▶ **Material to process**:
========

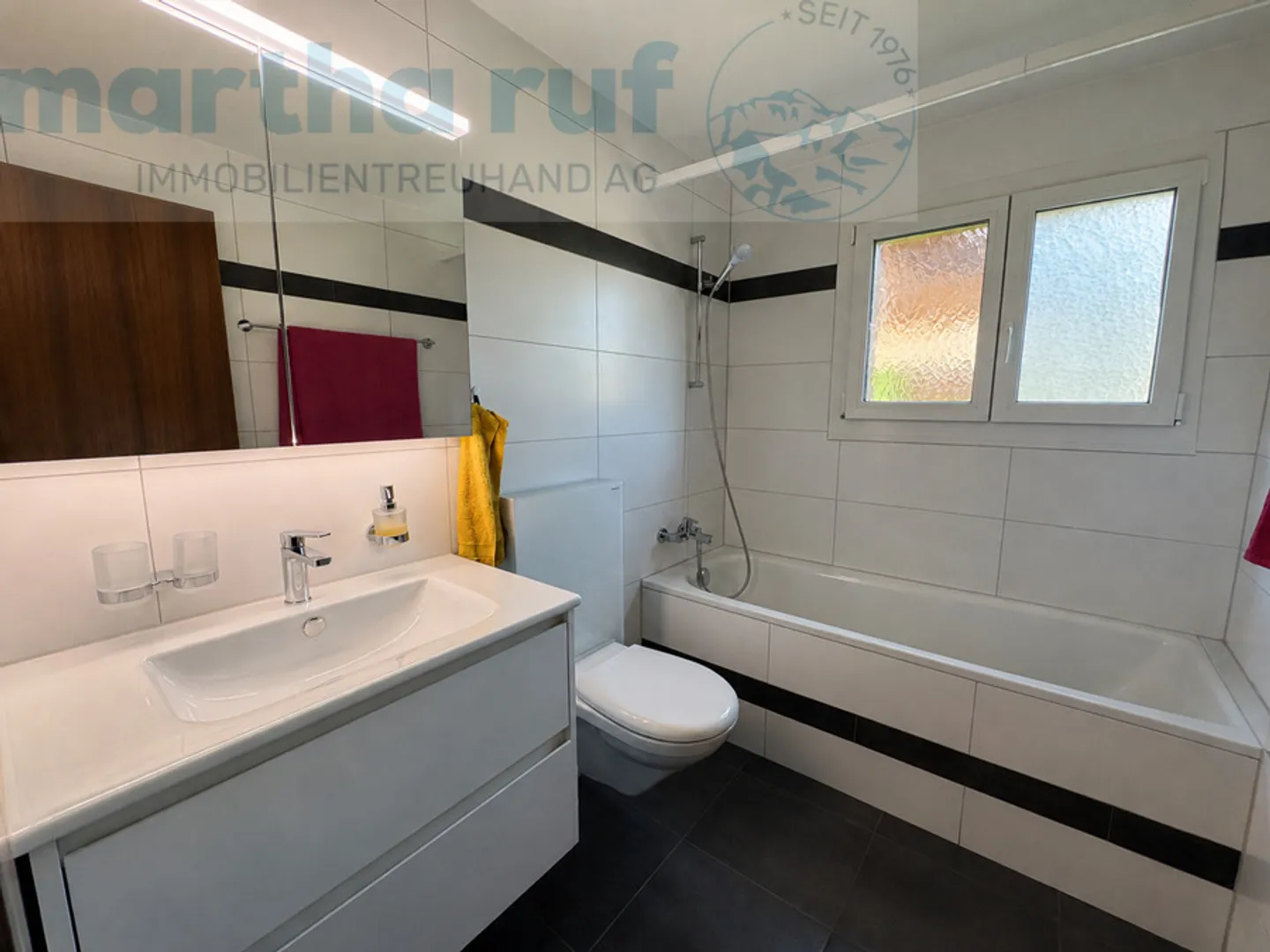 Quiet and modern 2.5-room apartment on the upper floor with views of the Jungfrau - Photo 6 of 11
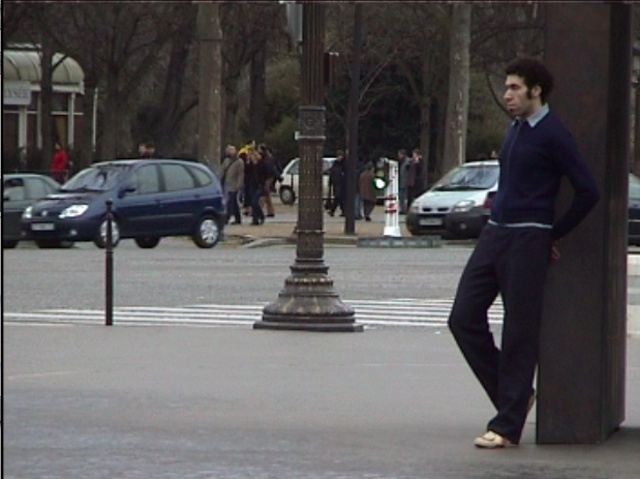 Fayçal Bagriche, Le sens de la marche, 2002. Video still.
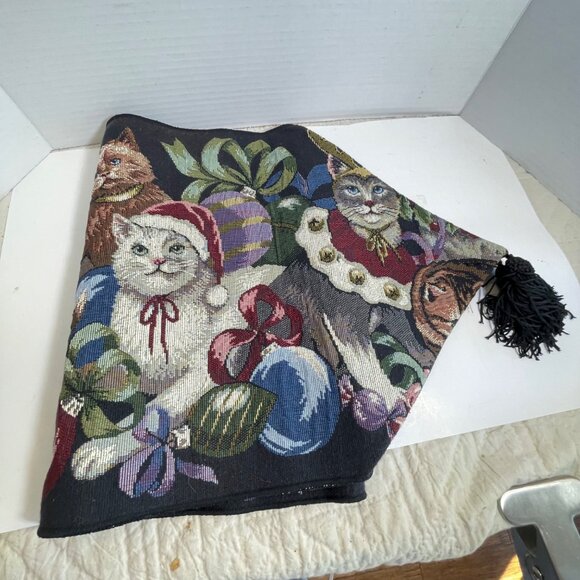 Holiday Cat Tapestry Table Runner With Festive Design & Tassels 27" X 13.5" - Picture 7 of 11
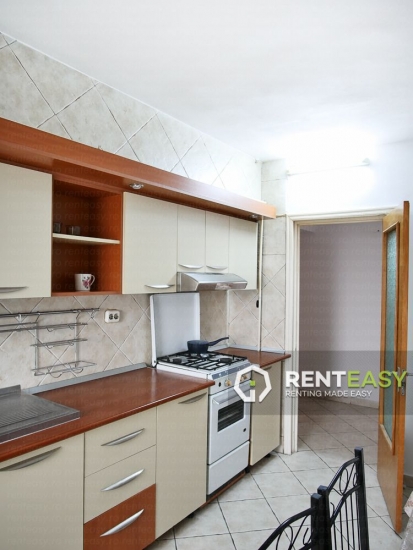 Apartament cu 4 camere de inchiriat in Centru - Stefan cel Mare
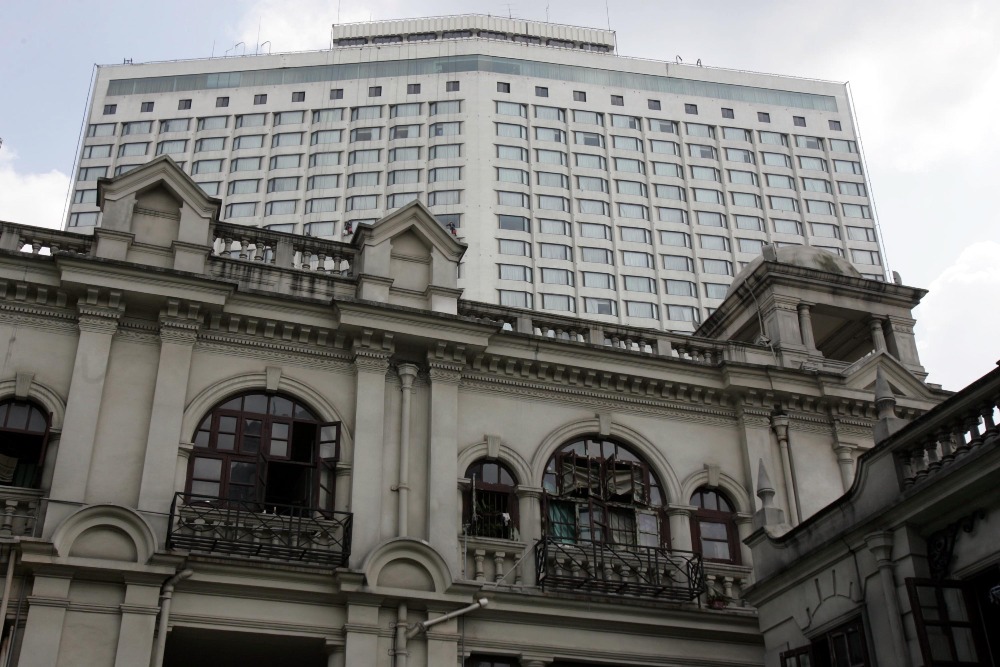 廣州沙面白天鵝賓館是中國第一家中外合資五星級酒店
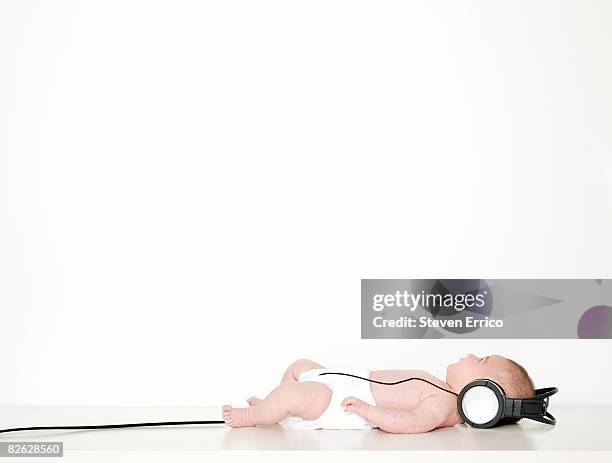 baby girl (0-3 months) wearing headphones - 0 1 months stock pictures, royalty-free photos & images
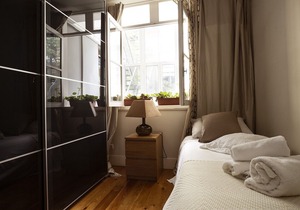 Single room bed - Guest House Blue Quarter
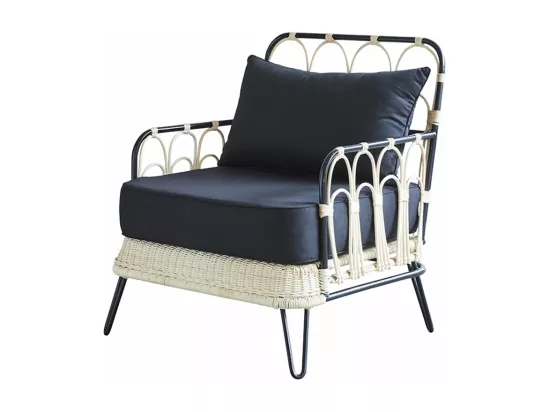 Fauteuil en rotin et métal noir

========

▶ **Aim of the exercise**: Every line from the one containing "baby girl (0-3" through the final line of the records above is to be written out exactly; nothing else, and no pictures.

▶ **Task response**:
 baby girl (0-3 months) wearing headphones - 0 1 months stock pictures, royalty-free photos & images
 Single room bed - Guest House Blue Quarter
 Fauteuil en rotin et métal noir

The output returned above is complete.